Friday, May 27, 2016

Restoring Spring Flora at Veblen House


The first iris opened last week, a vestige of Elizabeth Veblen's english garden. Photos from the 1950s, recently found at the Institute for Advanced Study archives, show that the garden completely encircled the house in a broad oval complete with split rail fence, as if the house were enclosed in a horse corral. The photos, selected from a large box of slides by Friends of Herrontown Woods volunteer Victoria Floor, and then digitized by IAS archives staff, show the Veblen House grounds from many angles, and will greatly facilitate restoration of the gardens.

Farther down the slope, the pawpaws planted by volunteers during a new years weekend planting party are beginning to grow, protected from deer browse.

FOHW board members Kurt and Sally Tazelaar cleared this area of multiflora rose, allowing native sedges to rebound. The fallen tree is a black locust, possibly planted long ago to create a grove from which their rot-resistant wood could be harvested for fenceposts.

Also growing in this field are green-fringed orchids, many of which we're protecting from the deer and mowing crews.
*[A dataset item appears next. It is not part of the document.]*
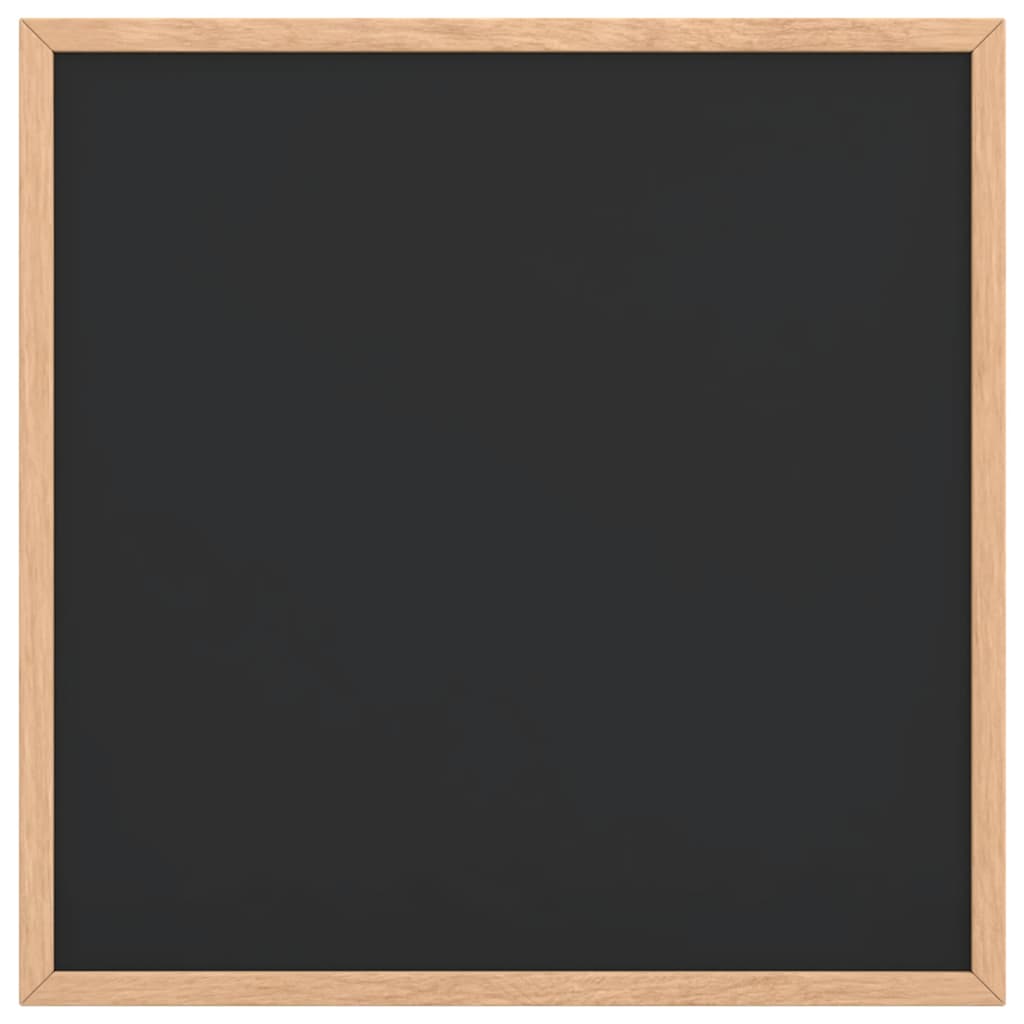 Magnetisches Whiteboard mit massivem Kiefernholzrahmen 40x30 cm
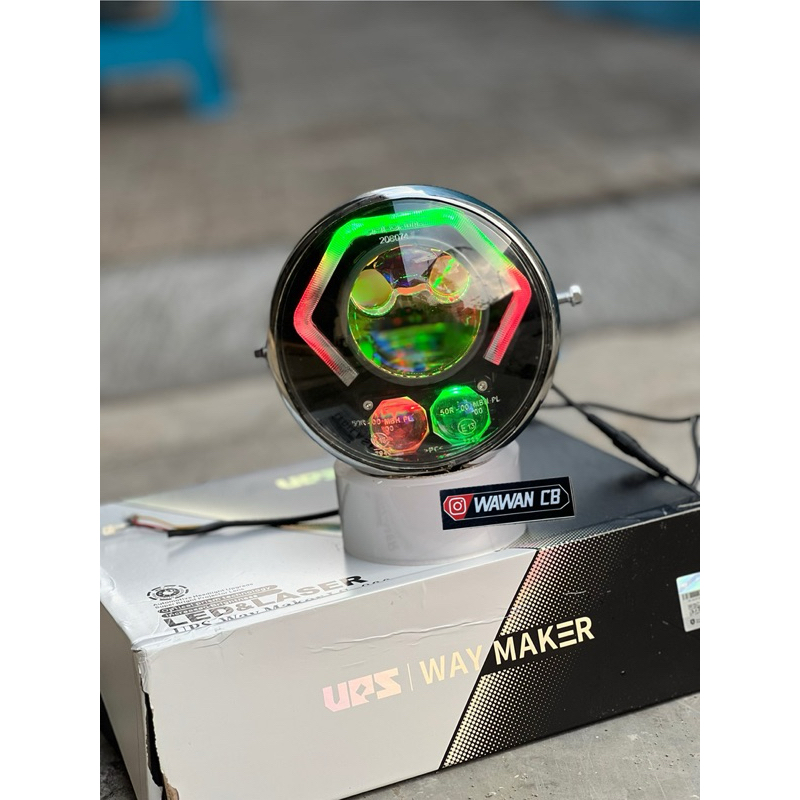 BATOK CB125 SAKATECH SET BILED UPS WAYMAKER LS 800 MINILASER UPS UW2 SHROUD WRGB MATRIX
Whether it's the buildings or the land the Veblens left behind, the aim is to appreciate and nurture what remains.

For more on this spring's flora along the trails in Herrontown Woods, follow this link.


Sunday, May 15, 2016

Ramanujan, Veblen, and Chandrasekhar: After seeing "The Man Who Knew Infinity"


A movie showing in town, "The Man Who Knew Infinity" (trailer here), tells the story of a brilliant but little known Indian mathematician, Srinivasa Ramanujan. Growing up in India, in poverty and with little formal training, he produced a prodigious body of original, unconventional work that ultimately came to light through his persistent efforts to reach out to British mathematicians. Of those he sent excerpts of his work to, only G.H. Hardy of Trinity College, Cambridge, responded, in 1913. A collaboration ensued, with Ramanujan moving to England.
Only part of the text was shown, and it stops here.